Summary judgment is appropriate “if the movant shows that there is no genuine dispute as to any material fact and the movant is entitled to judgment as a matter of law.” Fed.R.Civ.P. 56; Pennington v. State Farm Mut. Auto. Ins. Co., 553 F.3d 447, 450 (6th Cir.2009). The central issue is “whether the evidence presents a sufficient disagreement to require submission to a jury or whether it is so one-sided that one party must prevail as a matter of law.” Anderson v. Liberty Lobby, Inc., 477 U.S. 242, 251-52, 106 S.Ct. 2505, 91 L.Ed.2d 202 (1986). In making its determination, courts must view all of the evidence in the light most favorable to the party opposing summary judgment. See Matsushita Elec. Indus. Co. v. Zenith Radio Corp., 475 U.S. 574, 587, 106 S.Ct. 1348, 89 L.Ed.2d 538 (1986).

‘Where, as in this case, summary judgment [is sought] on statute-of-limitations grounds,” the Court “must determine whether (1) the statute of limitations has run and (2) whether there exists a genuine issue of material fact as to when the plaintiffs cause of action accrued.” Campbell v. Grand Trunk W.R. Co., 238 F.3d 772, 775 (6th Cir.2001). If the court can resolve whether the statute of limitations has expired as a matter of law, it should. See Elam v. Menzies, 594 F.3d 463, 467 (6th Cir.2010). “Kentucky law and federal procedural law used in diversity cases specify that disputed issues of fact respecting the running of a statute of limitations should be resolved by a jury.” Id.

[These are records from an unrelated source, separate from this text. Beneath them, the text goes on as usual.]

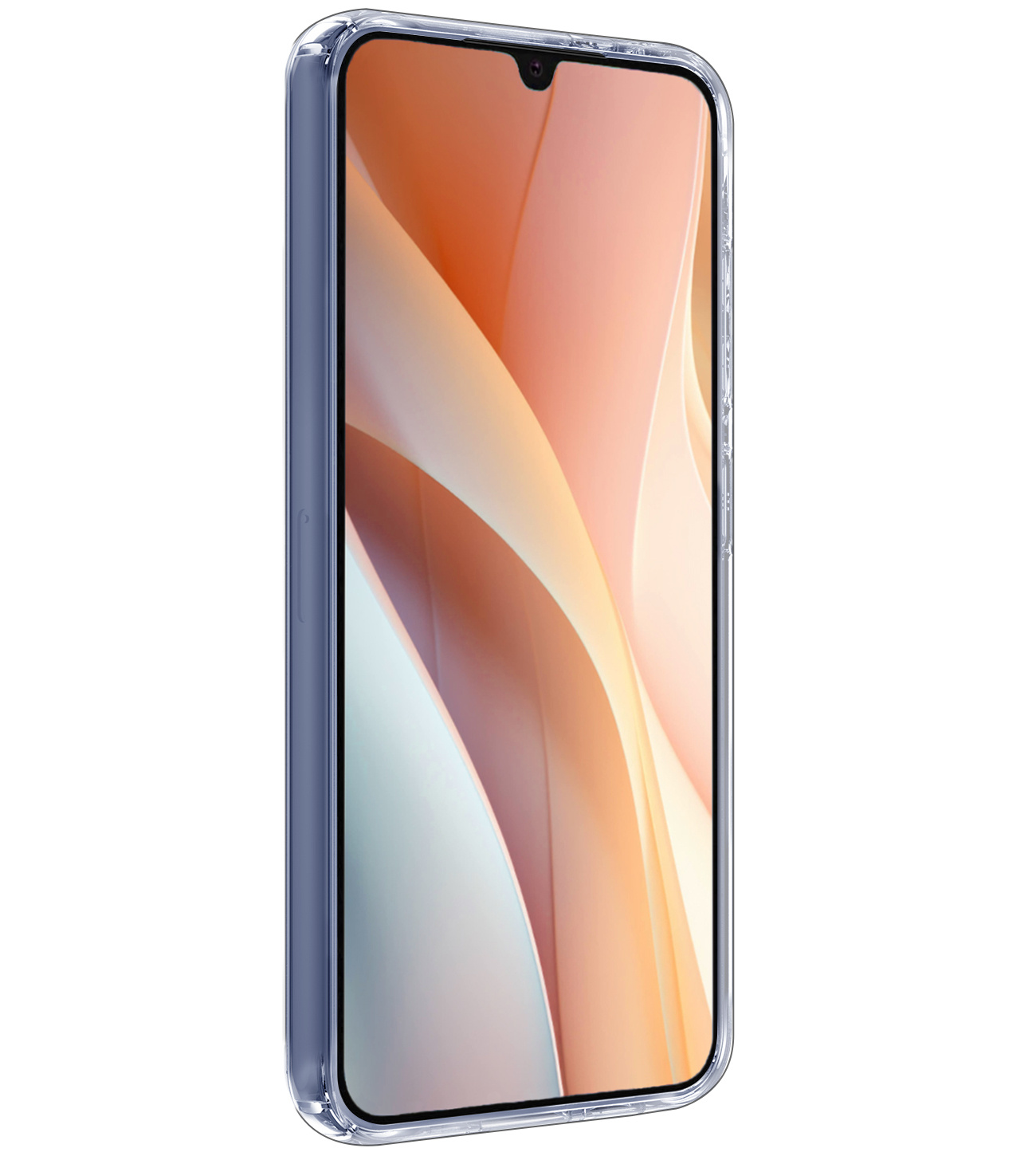 Nomfy Hoesje Geschikt voor Samsung A15 Hoesje Siliconen Cover Case - Hoes Geschikt voor Samsung Galaxy A15 Hoes Back Case - 2-PACK - Transparant
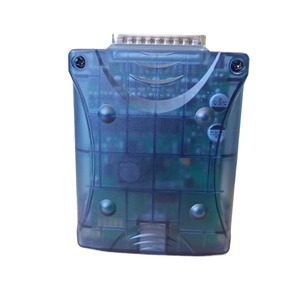 SM2 PRO J2534 VCI Herramienta de diagnóstico automotriz de alta calidad Lector de código de tablero verde de carcasa transparente - Product Image 5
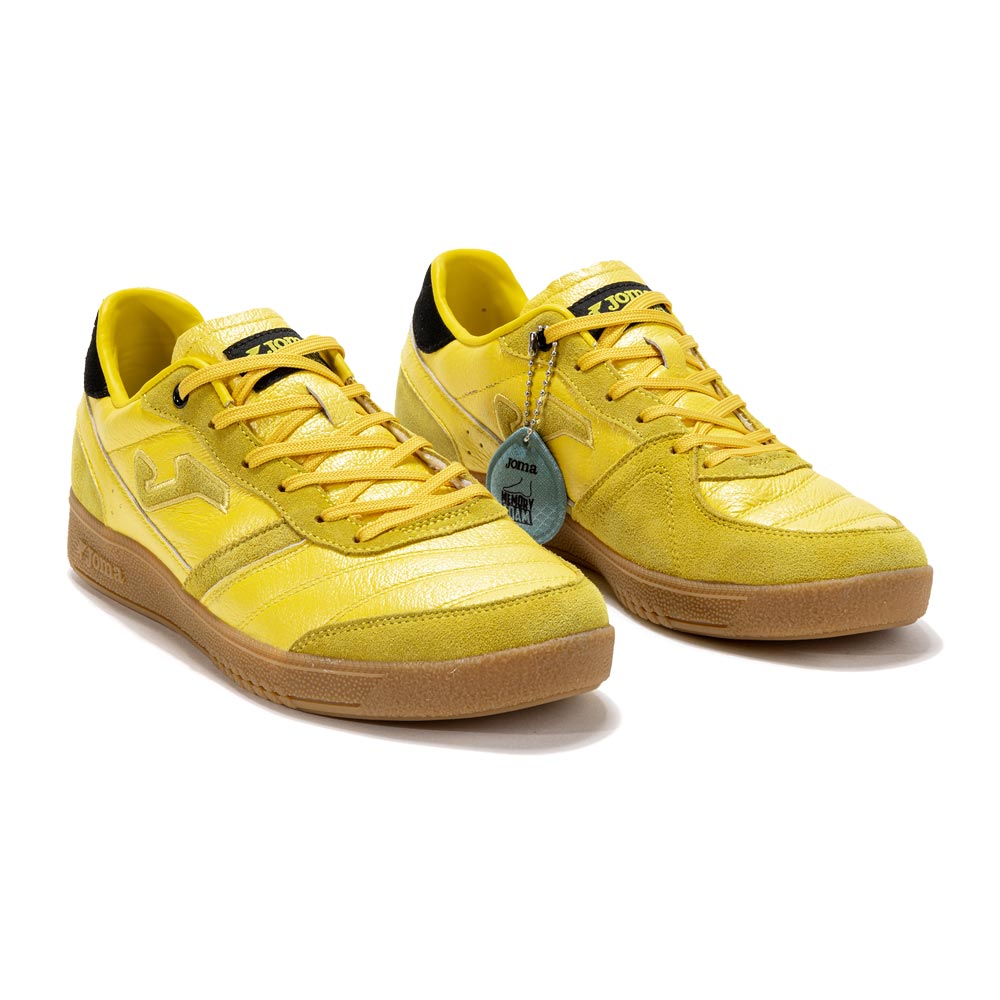 ZAPATILLAS CASUAL C. MUNDIAL MEN 2528 AMARILLO - 2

In this case, both parties agree that the statute of limitations is set by Ky.Rev. Stat. § 413.140(l)(e). Under this statute, claims for medical malpractice must be brought within one year of accrual. This statute adopts a discovery rule, which states that “the cause of action shall be deemed to accrue at the time the injury is first discovered, or in the exercise of reasonable care should have been discovered.” K.R.S. § 413.140(2). Knowledge of the existence of one’s claim is the statute’s trigger, and it has two facets. “One must [856]*856know: (1) he has been wronged; and, (2) by whom the wrong has been committed.” Wiseman v. Alliant Hosps., Inc., 37 S.W.3d 709, 712 (Ky.2000). Thus, in considering a motion for summary judgment under this statute of limitations, the Court must decide whether the evidence construed in the light most favorable to the plaintiffs indicates that Bray and Lowe knew or should have known they had been injured by Husted more than one year prior to filing suit on February 14, 2011.

II.

A. Motion for Summary Judgment against Bray

Bray began experiencing difficulties before she left the hospital after her surgery on May 26, 2009. No one disputes that she immediately suffered from complications: she required three different corrective surgeries and spent seventeen days in a medically-induced coma before ever leaving the hospital. (Linda Daviess Depo., 81-5, 34:7-35:7). According to the testimony of Bray’s sister-in-law, Husted believed that Bray had a leak that needed surgical correction. (Daviess Depo., DE 81-5, 32:23-33:1). Because of the serious complications arising after her surgery, Bray was not discharged until August 20, 2009 — nearly three months following the date of her initial procedure. When she was finally discharged, Bray was in a wheelchair, using a feeding tube, and unable to control her bowels.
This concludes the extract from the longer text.